DI: What is the most unique aspect of your design?

: Environmental factors and structural concepts shape the form and skin of this tower. For optimum environmental operating efficiency, the building form should be accordingly shaped, maximizing sun control for different solar angles and insolation intensities. A series of shading & insolation (Wh) studies conducted showed that twisting the tapered hexagonal form 90 degrees clockwise (north west quadrant) and anticlockwise (south east quadrant) yielded self-shading benefits. Aerodynamic architectural design is realized by taking into consideration building orientation, position, form, and plan variations. Having a spectrum of different shapes in mind, this analysis examined the potential of a hexagonal shape. It came to be known that an efficiency of 90% can be achieved with hexagonal packing. Using Simulation CFD, the optimized towers were modelled as a block, and the boundary conditions were set up to emulate the chosen site for 500m radius of urban fabric. Simulations were run based on Hong Kong’s weather data for prevailing directions East(4.1m/s) and South East(2.5m/s) respectively for 500 iterations.

DI: Who did you collaborate with for this design? Did you work with people with technical / specialized skills?

: In terms of collaborations for this project, the architectural visualization was done by Vizis, Architectural Enhancer, Chennai and the Parametric modelling was done in collaboration with Rat[LAB] research in architecture & technology, New Delhi.

DI: What is the role of technology in this particular design?

: We used computational design that follows a mathematical approach to generate geometries & objects in architecture which were useful in developing the form of the tower best for solar shading. Also, we employed parameters & conditions to iterate the design process and are linked to structural and environmental concepts. An algorithmic process of design has been followed by creating a differentiated array of a hexagonal floor plates that variably changes scale based on environmental criteria, functional aspects, structural logics and aesthetic parameters. Parametric modeling and computational simulations, namely, solar insolation and CFD analysis were carried out to verify the climatic effects of twisting geometries.

DI: Is your design influenced by data or analytical research in any way? What kind of research did you conduct for making this design?

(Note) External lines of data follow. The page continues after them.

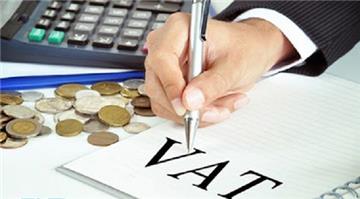 Giá dịch vụ thẩm định giá từ 01/5/2021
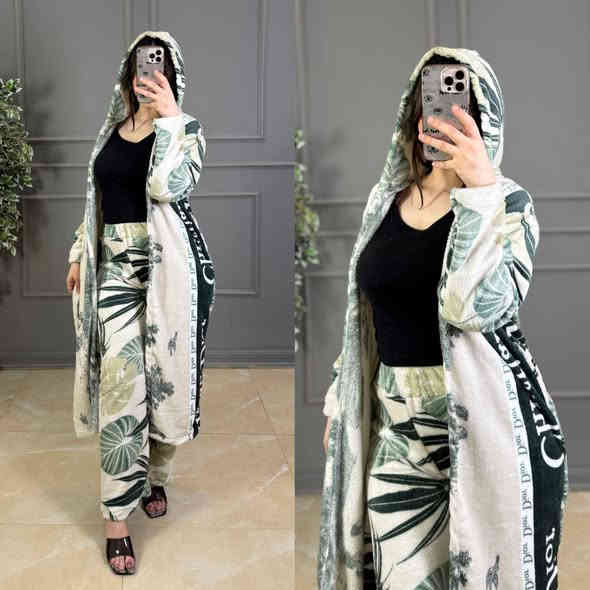 سعر الدرزن 95 الف 
                         الحجز السريع واتساب ***********
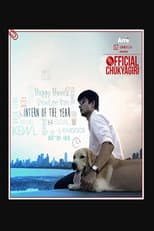 Poster for Official Chukyagiri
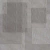 Papel de Parede - Gravity - GT3404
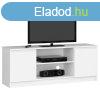 TV llvny 140 cm - Akord Furniture - fehr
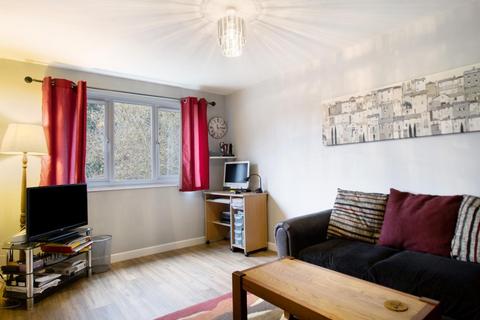 1 bedroom flat for sale, Lucas Road, Sudbury CO10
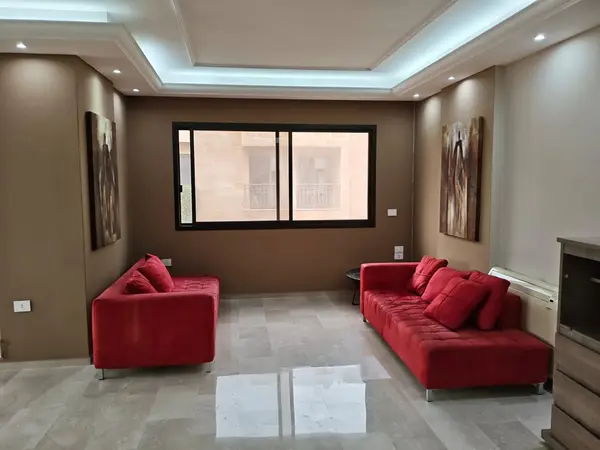 Apartment for Sale in Beit Mery
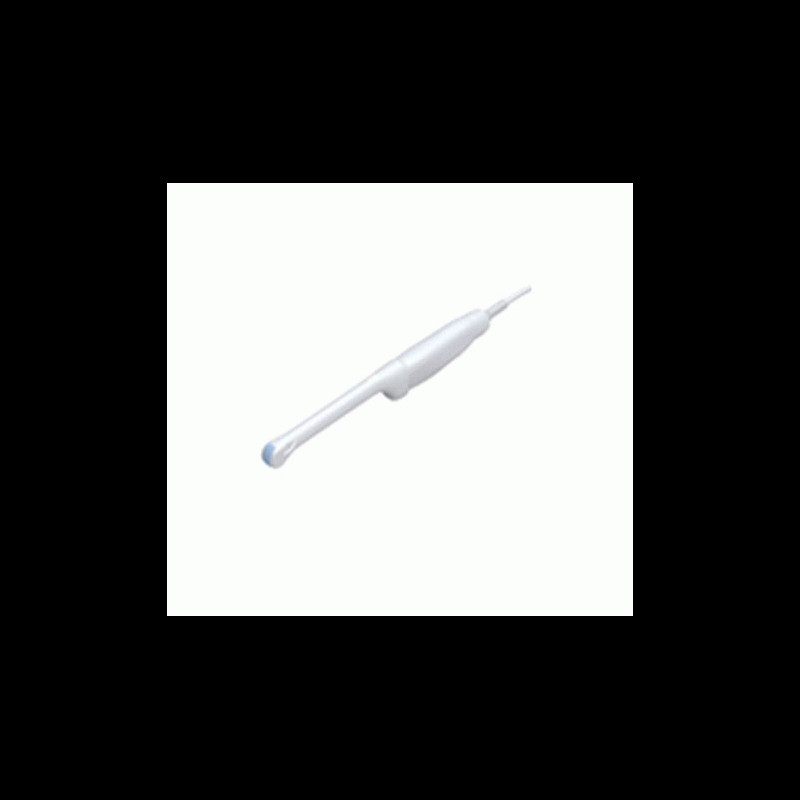E611 Edan Ultrasound Transducer Transvaginal array DUS60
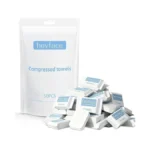 Verified image for post 291323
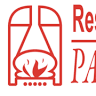 Restaurante Padilla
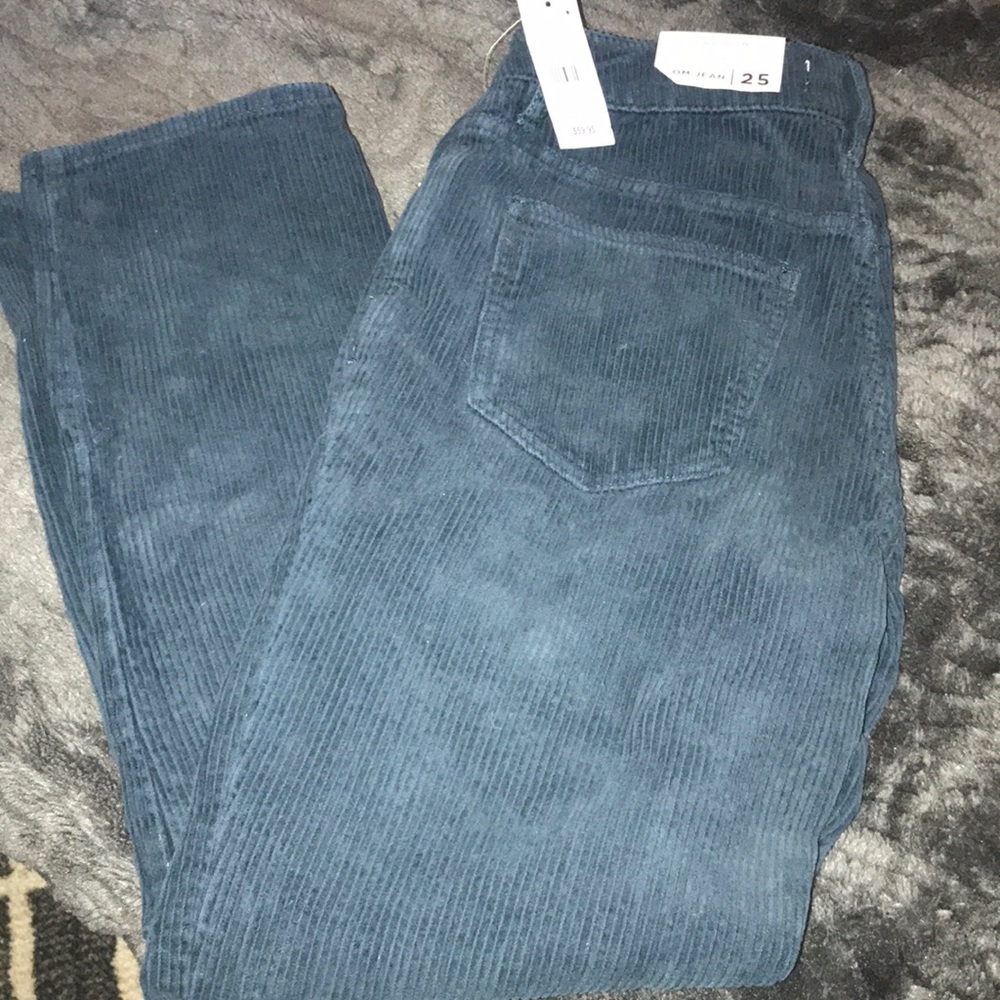 PACSUN CORDS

: In wind climates like Hong Kong with very directional extreme winds, building shapes that are directionally sensitive are more effective than traditionally shaped buildings. Developments in structural systems of high-strength materials with increased height to weight ratio but reduced stiffness have become greatly affected by wind. Major structural and aerodynamic modification in the design development includes tapering, sculptured building shape, openings and twisting of building. In addition, along with advances in visco-elastic materials like tuned mass dampers as well as structural systems like trussed tubes, the shape of the towers become distinctly modified by the micro-ecology. To drive the natural currents to enhance air volume exchange, pressure differentials between windward (up-wind) and leeward (down-wind) faces of a building were analyzed using CFD for thorough ventilation and surface wind flow acceleration.

DI: What are some of the challenges you faced during the design/realization of your concept?

: Developing a brief for a competition is a complex task and the overall process can be very demanding both financially and creatively.

DI: How did you decide to submit your design to an international design competition?

: The beauty of design competitions is the leveling of the playing field between big companies, small design firms, and students alike. Competitions help spur our creativity and encourage lateral thinking. This is our third international vision competition that we have participated in and find that they give us a unique opportunity to be creative and free with our vision. Also we find ideas valuable in the sense that it help us as a community discuss and debate over various issues.